John Ogilvie, Damian Grave and Neil Blake, partners, Joanne Keillor, a senior associate, and Jake Savile-Tucker, an associate, in our disputes team consider the decision further below.


The defendants/respondents were: (i) Unilever Plc (“UPLC”), a company incorporated in England; and (ii) Unilever Tea Kenya Limited (“UTKL”), a company incorporated in Kenya which owned and operated a tea plantation in Kenya (the “Plantation”). The claimants/appellants were 218 Kenyan nationals who were all employees or residents of the Plantation and victims of serious inter-tribal ethnic violence carried out by third parties on the Plantation following the Kenyan presidential election in 2007.

The claimants had alleged that: (i) the risk of this violence was foreseeable by the defendants; (ii) the defendants owed them a duty of care to protect them from the risks of such violence; and (iii) the defendants breached that duty of care.

As previously reported (see here), the High Court declined jurisdiction, finding that the three-part Caparo test for the imposition of a duty of care was not met, as the damage suffered was not foreseeable and it would not be fair, just and reasonable to impose a duty in any event. However, the court held (albeit obiter and “with some hesitation”) that there was sufficient proximity between UPLC and the claimants.

On that basis Mrs Justice Laing found that there was no real issue to be tried between the claimants and UPLC, and without UPLC as “anchor defendant” there was no basis upon which to establish the English court’s jurisdiction over the claim against UTKL (which the court considered had no real prospect of success in any event). She also said that if, contrary to her view, there were viable claims against both Unilever and UTKL, then England would be the appropriate forum to hear those claims.

The claimants appealed this decision on the basis of the High Court’s findings in respect of the foreseeability and “fair, just and reasonable” limbs of the Caparo duty of care test. The defendants cross-appealed the findings in respect of proximity and appropriate forum.

Court of Appeal decision

The Court of Appeal (Sales, Gloster and Newey LJJ) unanimously dismissed the appeal by reason of a lack of proximity between the claimants and UPLC, allowing the respondents’ cross-appeal. The result was that there was no anchor defendant for proceedings in England, and accordingly the court had no jurisdiction to hear the claims against UTKL.

No proximity

In considering proximity, the Court of Appeal found that it was necessary to examine in more detail than Laing J had done the evidence in respect of Unilever’s corporate structure, the contemporary crisis management policies, the crisis management training programmes and the knowledge within the Unilever Group concerning crisis prevention and response.

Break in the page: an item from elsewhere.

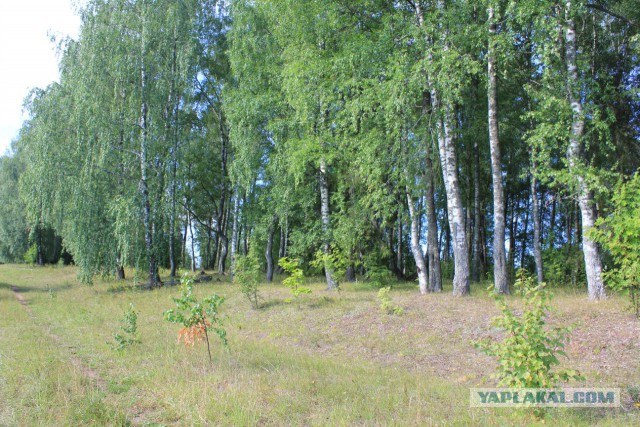 Село Борисоглебское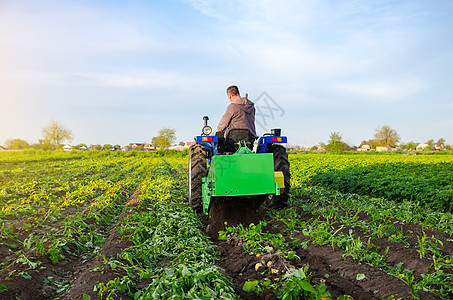 农夫挖出一批土豆 在早春收获第一批土豆 农业和农田 农业工业和农业综合企业 支持农场 发展中国家的收获机械化图片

It held that this evidence demonstrated that UTKL’s business was managed locally by UTKL, which had the relevant experience in relation to local political or ethnic matters and that UTKL had devised its own crisis and emergency management policy and training programme without any specific direction or detailed advice from Unilever. On this basis, the Court of Appeal held that there was a lack of proximity.

Chandler v Cape

In considering the legal analysis of the proximity issue, the court held that there was no special doctrine in the law of tort of legal responsibility on the part of a parent company in relation to the activities of its subsidiary, vis-à-vis persons affected by those activities. Parent and subsidiary are separate legal persons each with responsibility for their own separate activities.

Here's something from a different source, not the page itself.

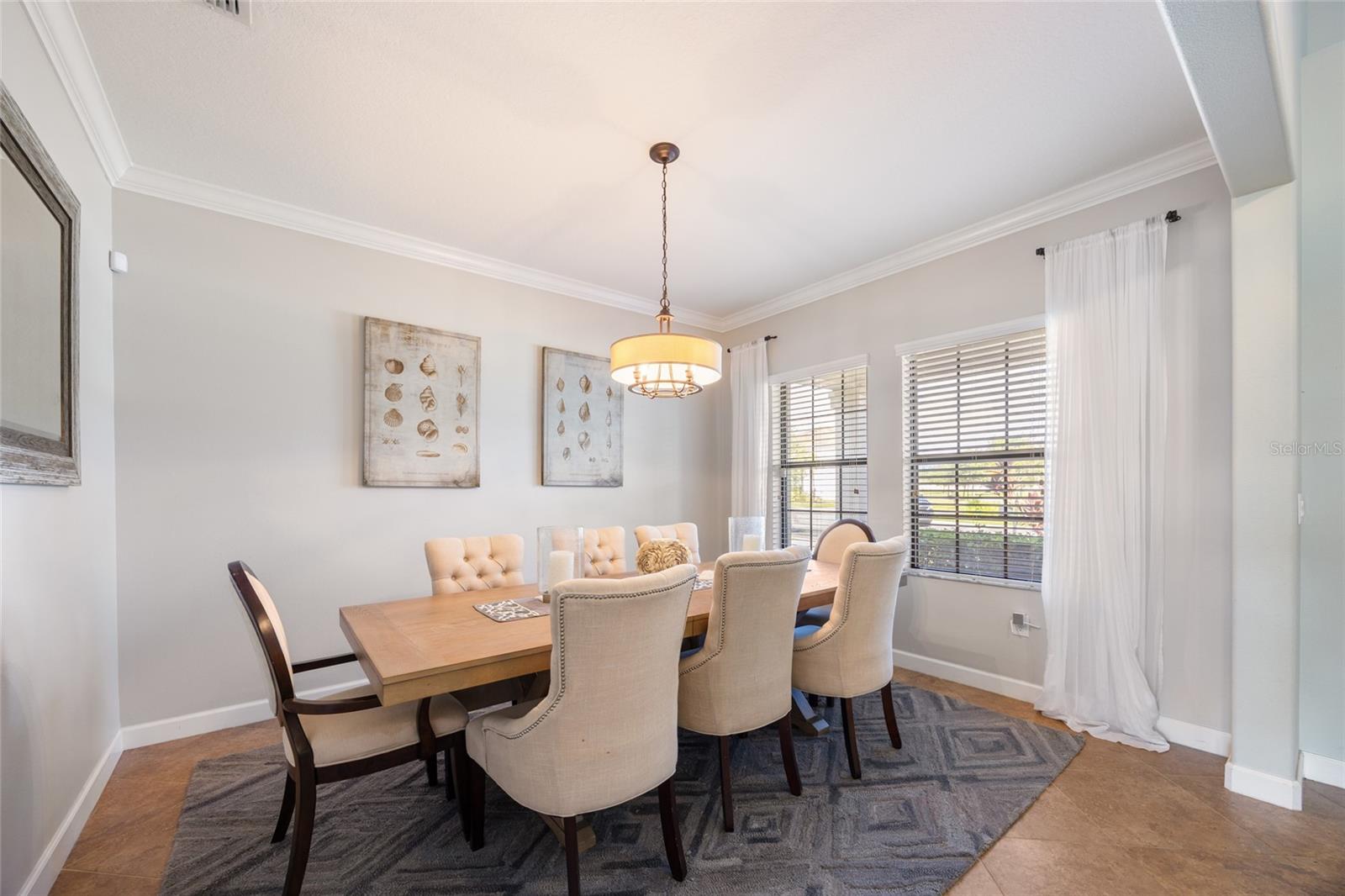 19421 PADDOCK VIEW DR, TAMPA, FL, 33647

A parent company will only be subject to a duty of care in circumstances where the ordinary general principles of the law of tort are satisfied. The legal principles are the same as would apply in relation to the question whether any third party (such as a consultant giving advice to the subsidiary) was subject to a duty of care in tort owed to a claimant dealing with the subsidiary. In this context, the court emphasised that the case of Chandler v Cape constitutes “helpful guidance as to relevant considerations” only and “did not lay down a separate test, distinct from general principle, for the imposition of a duty of care in relation to a parent company”.

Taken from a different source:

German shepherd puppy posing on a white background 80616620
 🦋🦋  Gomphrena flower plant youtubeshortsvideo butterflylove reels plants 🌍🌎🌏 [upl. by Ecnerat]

The Court of Appeal identified two basic types of case where the test for a duty of care might be capable of being alleged in respect of a parent company:

  1. where the parent has in substance taken over the management of the relevant activity of the subsidiary in place of (or jointly with) the subsidiary’s own management; or
  2. where the parent has given relevant advice to the subsidiary about how it should manage a particular risk.

In the present case, the claimants conceded that (i) was not applicable and, having reviewed the evidence, the Court found that the appellants were “nowhere near being able to show that they have a good arguable claim against UPLC” on the basis of (ii).

Foreseeability and fair, just and reasonableness

Lord Justice Sales, who handed down a unanimous decision on behalf of the Court, declined to address the other points raised in the appeal, including arguments in respect of foreseeability, and fair, just and reasonableness, stating that it “would serve no useful purpose” and would be “inappropriate” in circumstances where, if there is to be a trial, it would have to take place in Kenya and a Kenyan court would then be tasked with determining those issues.